Personal Finance

Holding Two Fulltime jobs with employer benefits.

  • Last Updated:
  • Aug 2nd, 2019 4:42 pm
[OP]
Member
Dec 28, 2010
322 posts
79 upvotes
Toronto

Holding Two Fulltime jobs with employer benefits.

My spouse works in online education and has had some time to work on other projects.
What would be ramifications of holding two full time jobs - in terms of legal, taxes..
Yes, so there might an offer soon, but the second employer is offering full time only- we tried asking it can be a contractual or hourly rate, but HR is not budging.
Its all flexible schedule - as long work is completed and 4-5 visit /month for weekly Meetings.

Spoke with out basic tax accountant, who mentioned that should have pushed for contract and nothing more. Someone else advised that we should open a corp and then claim expenses etc..
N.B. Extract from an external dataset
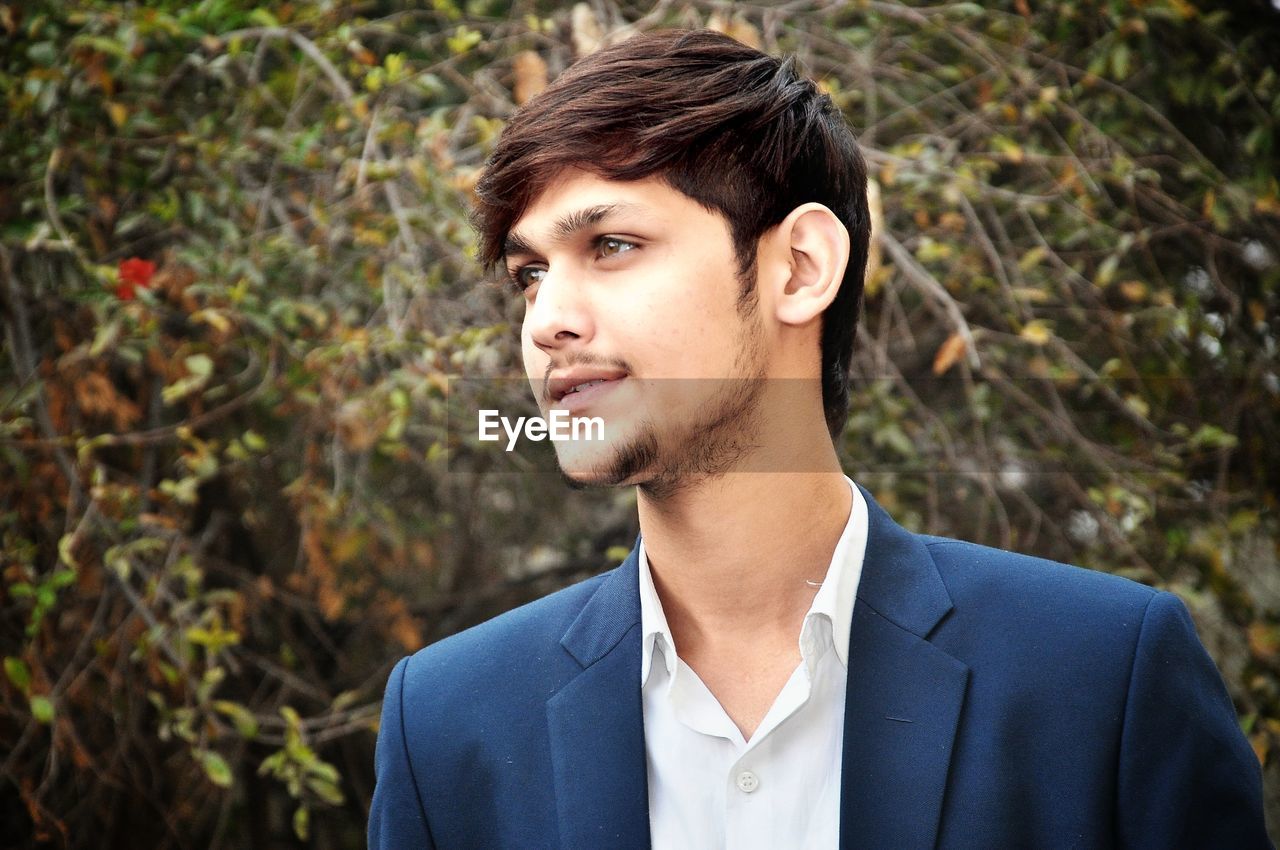 Thoughtful young man wearing suit standing against plants in forest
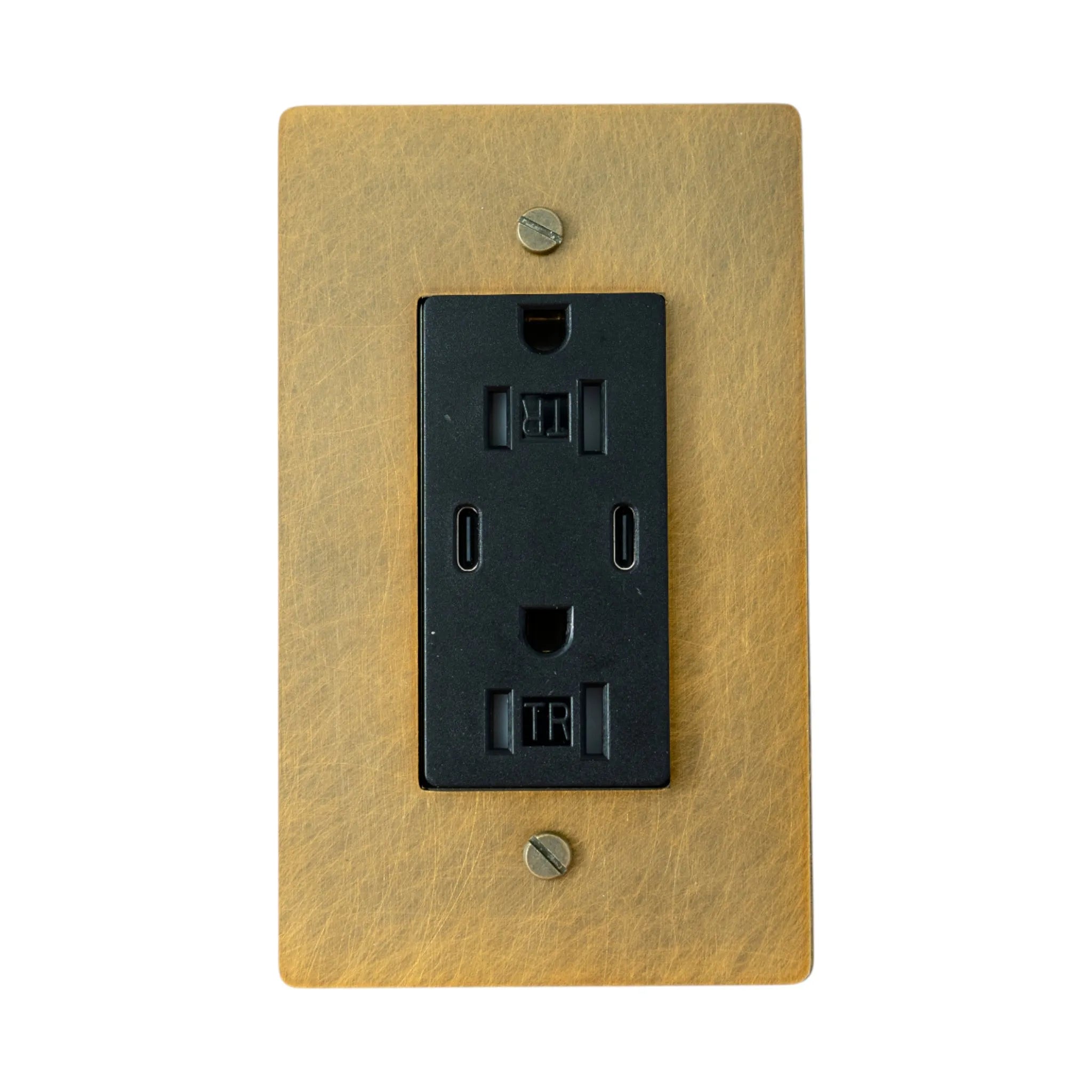 black electrical outlet on a antique brushed brass wall plate with screws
Anyone in such situations, anything to prepare for? At some point we want to buy a house, would mortgage approvals require some more legal work with such arrangement ?
Last edited by Karma2000 on Aug 2nd, 2019 3:11 pm, edited 1 time in total.
5 replies
Deal Addict
Dec 12, 2009
3455 posts
1300 upvotes
Toronto
Legal - you can have as many jobs as you want, unless there are conflict of interest clauses in your employment contracts. (e.g. can't work for the competition, trade secrets etc.)

Mortgage approvals easier with full time employment (T4) than contract (self employed).

Taxes, just fill out your T1 properly & you should be good to go. Some debate over asking them to take extra tax payments off.

Benefits - a tricky one with multiples - you would have to ask the insurance companies. My thoughts are you would run claims through the oldest position first, then the newer one. Even trickier if both spouses have benefits. A PITA for service providers if you want assignment of benefits - suggest you pay bills yourself then have each InsCo pay you.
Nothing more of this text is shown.